Skipping each picture, output the entries exactly as they stand below.
**** DATA EXTRACT ****
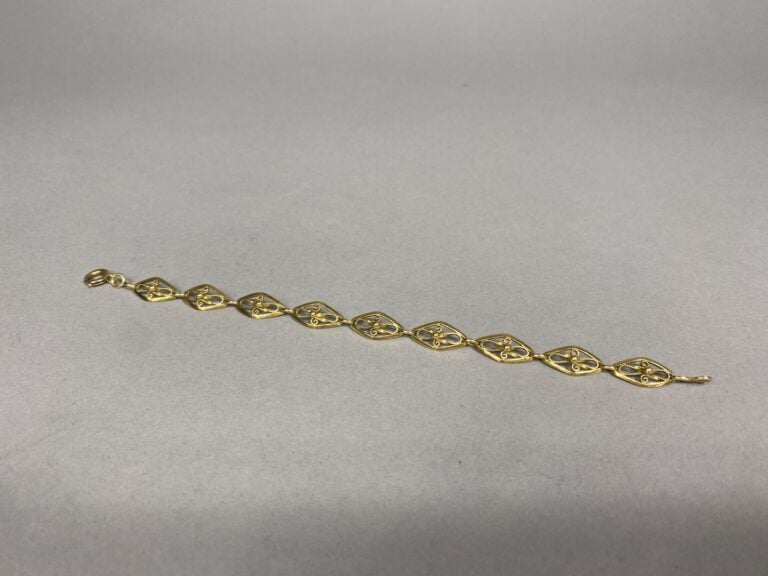Bracelet en or jaune (750) à maillons filigranés - Poids : 7.5 g - Long : 17 cm…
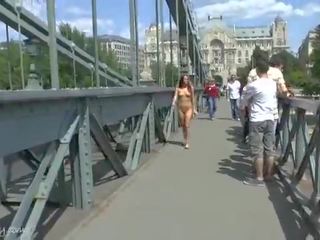 Hull alasti tereza näitab tema kuum keha edasi avalik tänavad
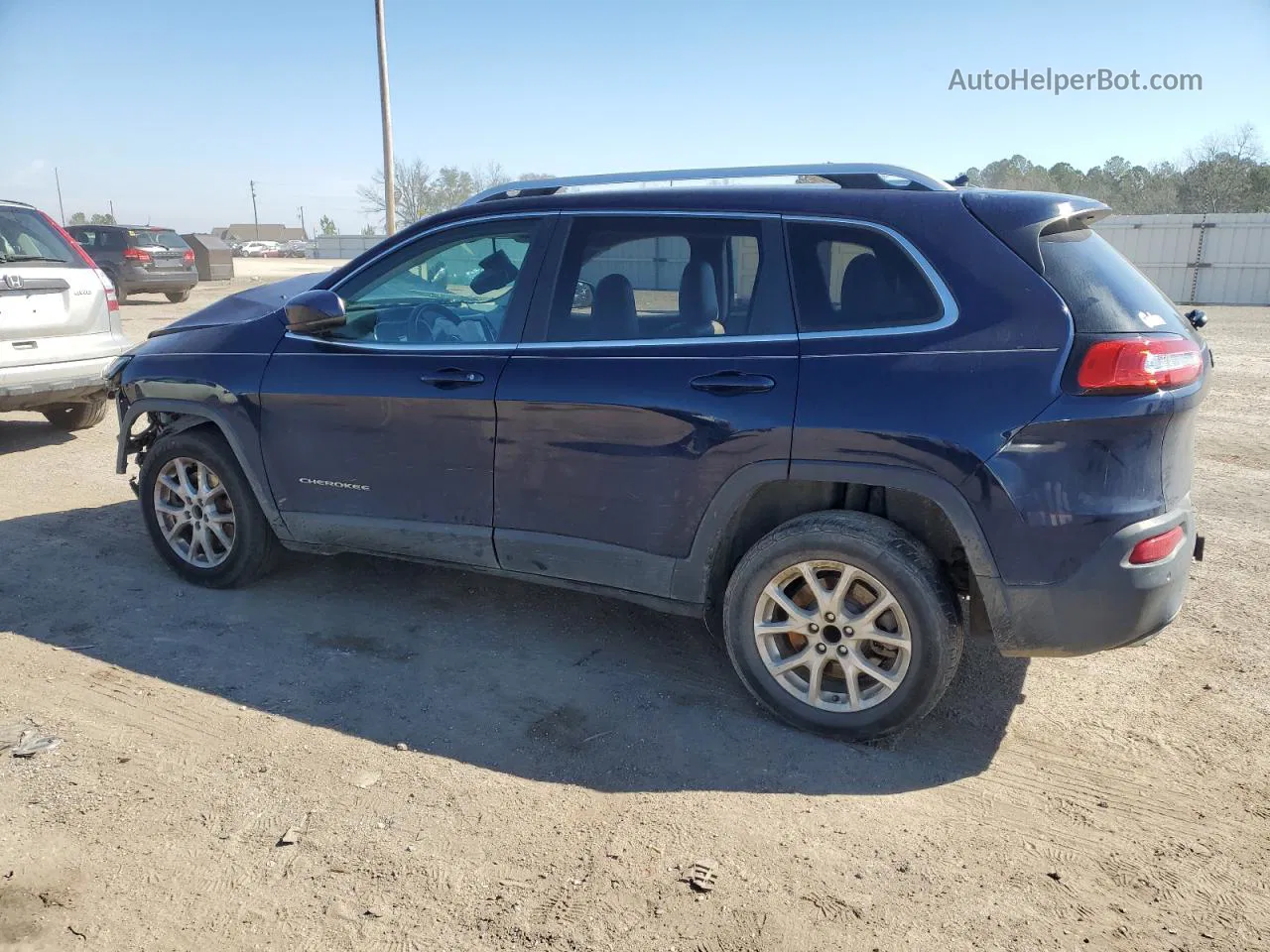 2015 Jeep Cherokee Latitude Синий vin: 1C4PJLCS1FW711786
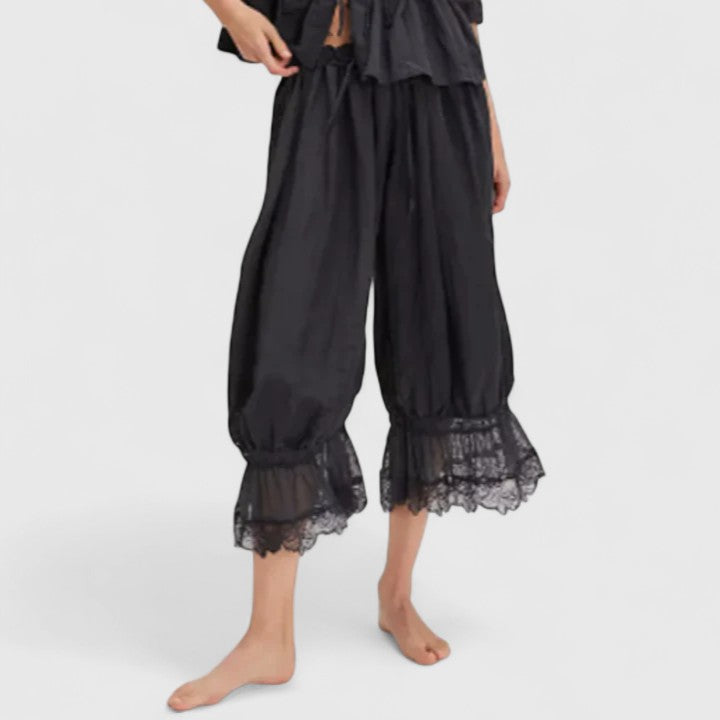 Margot – Lace Ruffle Hem Cropped Pants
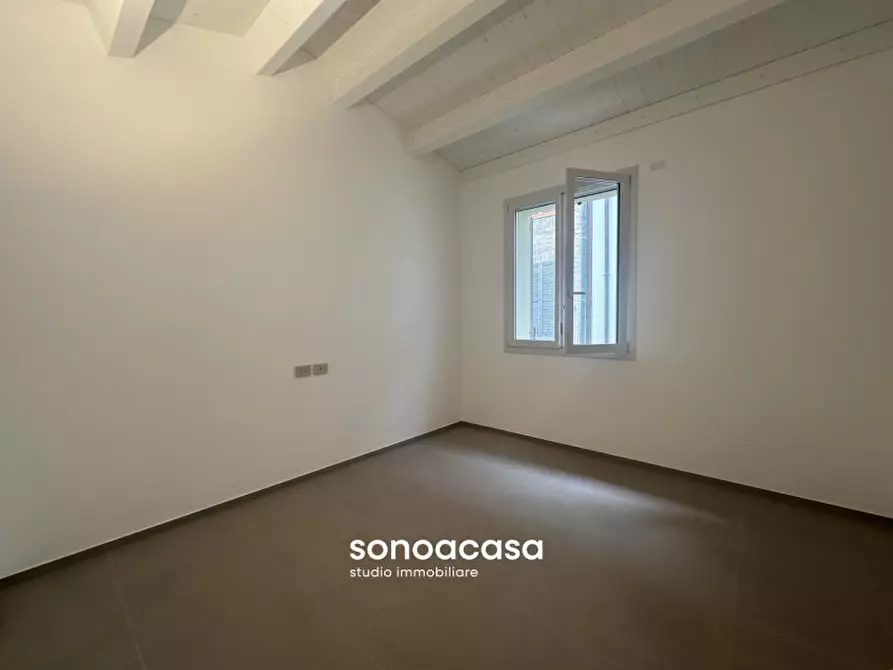 Immagine 14 di Casa indipendente in vendita  in Via Narente, 27 a Senigallia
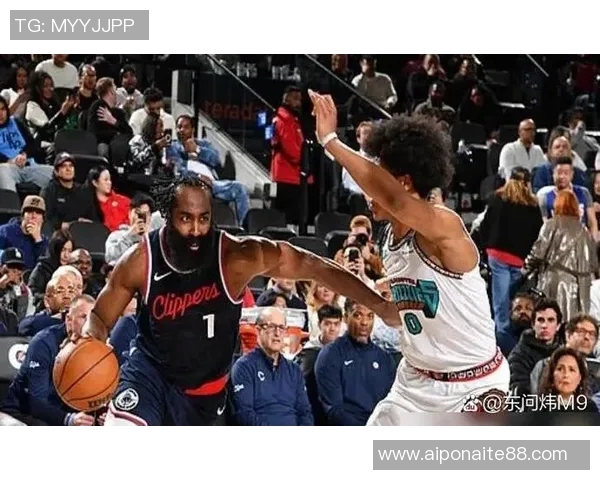 火箭大胜掘金，哈登砍下55分，演绎篮球传奇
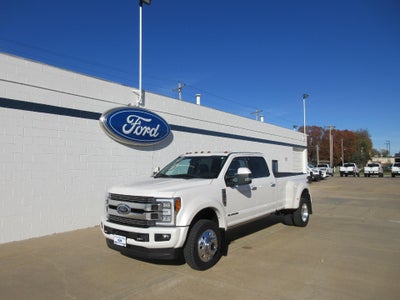 2018 Ford Super Duty F-450 DRW Limited 4WD Crew Cab 8' Box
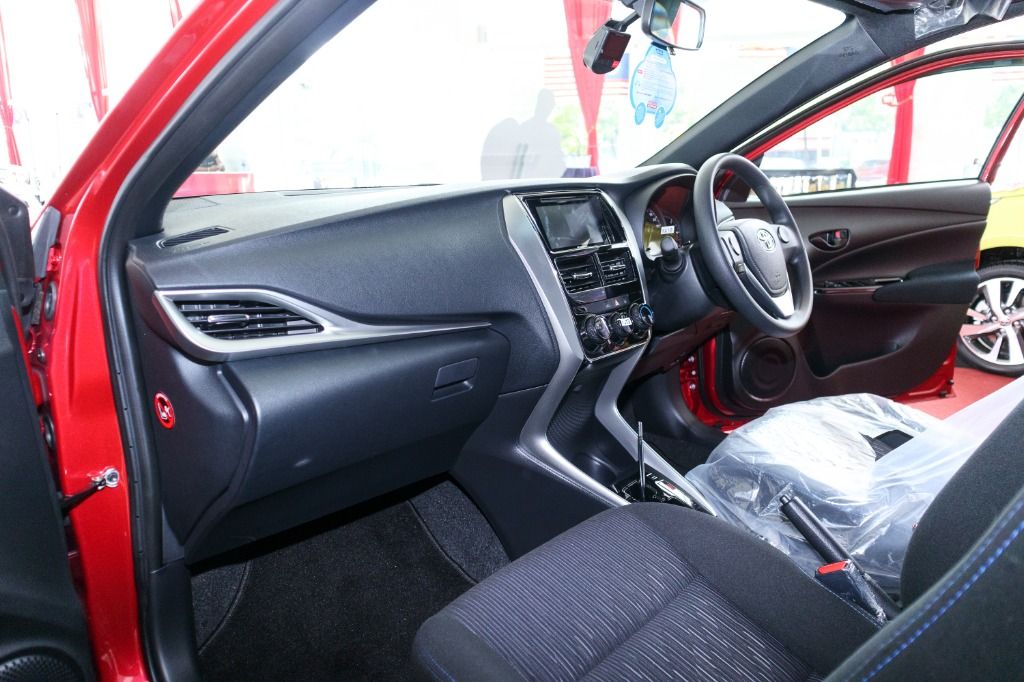 2019 Toyota Yaris 1.5E Interior 003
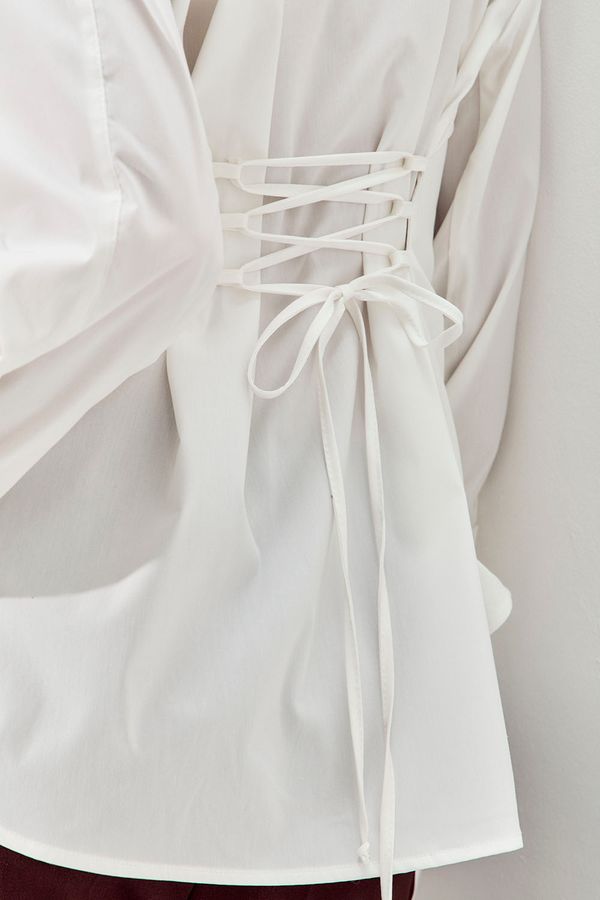 Приталенная рубашка из хлопка кремового цвета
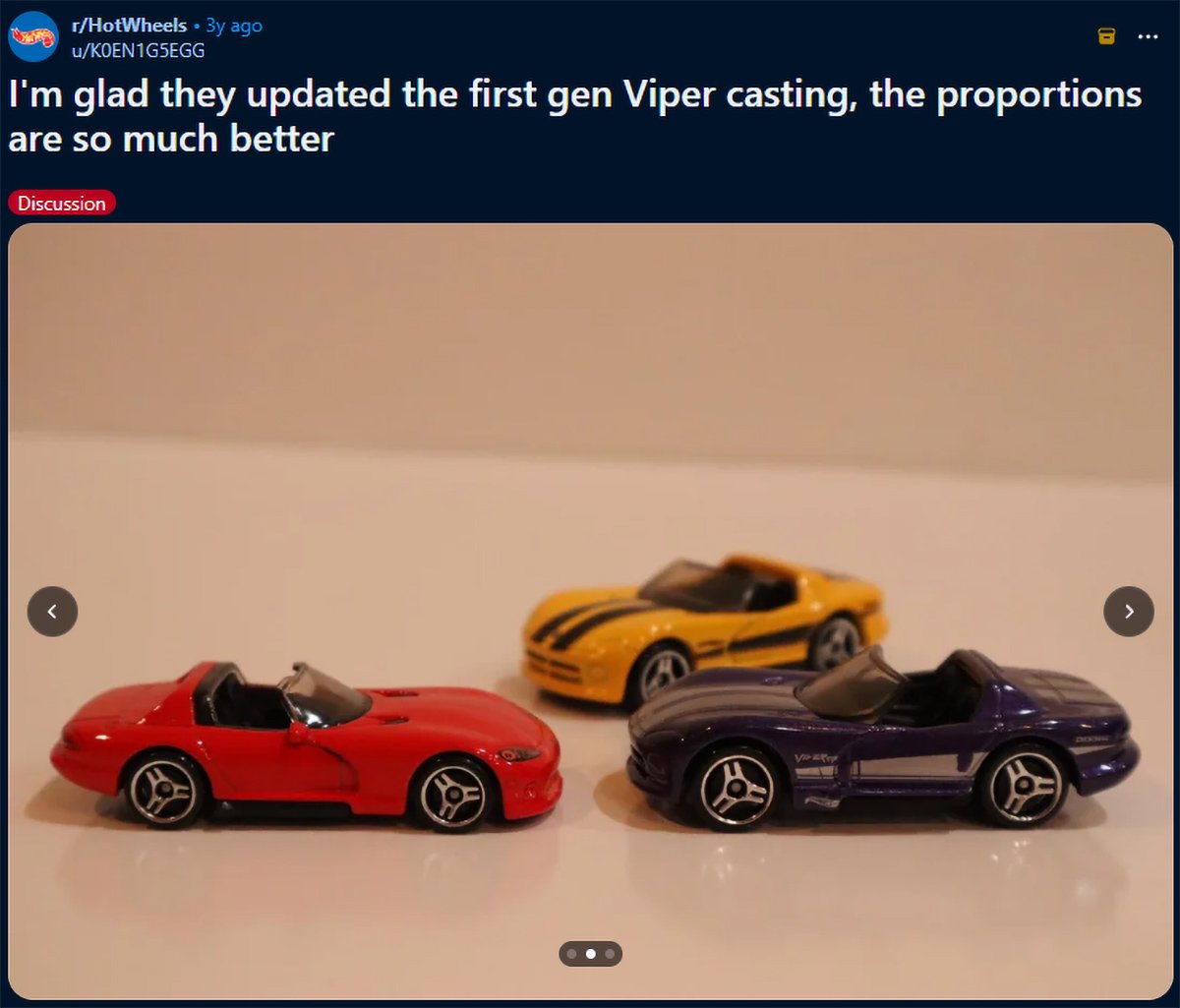 A comparison of Hot Wheels' new Viper RT/10 casting, at left, with the original one from the '90s.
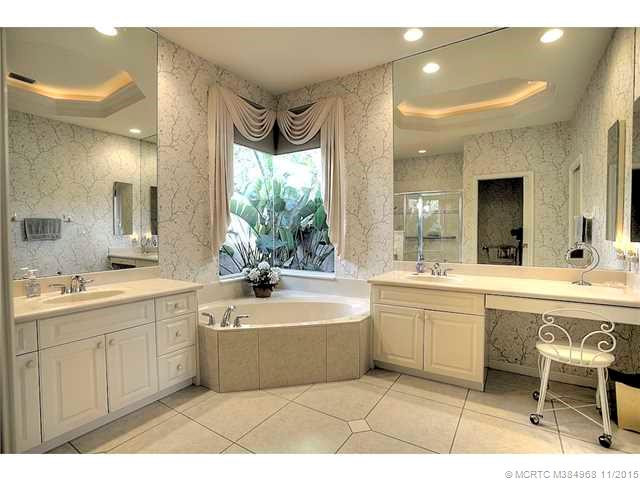 Master Bath/Spa.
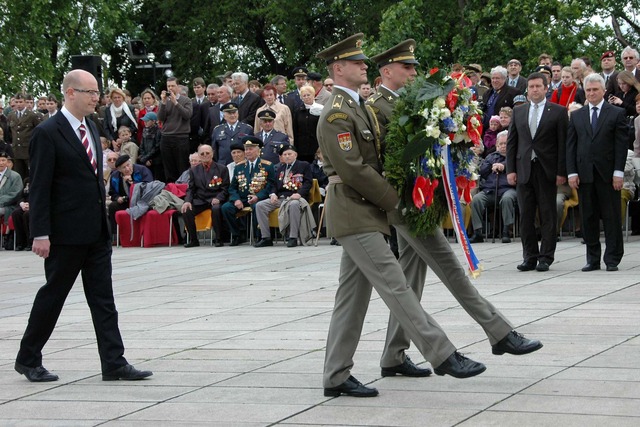 K památníku položil věnec také předseda vlády Bohuslav Sobotka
****
ANSWER TO THIS EXERCISE:
Bracelet en or jaune (750) à maillons filigranés - Poids : 7.5 g - Long : 17 cm…
 Hull alasti tereza näitab tema kuum keha edasi avalik tänavad
 2015 Jeep Cherokee Latitude Синий vin: 1C4PJLCS1FW711786
 Margot – Lace Ruffle Hem Cropped Pants
 Immagine 14 di Casa indipendente in vendita  in Via Narente, 27 a Senigallia
 火箭大胜掘金，哈登砍下55分，演绎篮球传奇
 2018 Ford Super Duty F-450 DRW Limited 4WD Crew Cab 8' Box
 2019 Toyota Yaris 1.5E Interior 003
 Приталенная рубашка из хлопка кремового цвета
 A comparison of Hot Wheels' new Viper RT/10 casting, at left, with the original one from the '90s.
 Master Bath/Spa.
 K památníku položil věnec také předseda vlády Bohuslav Sobotka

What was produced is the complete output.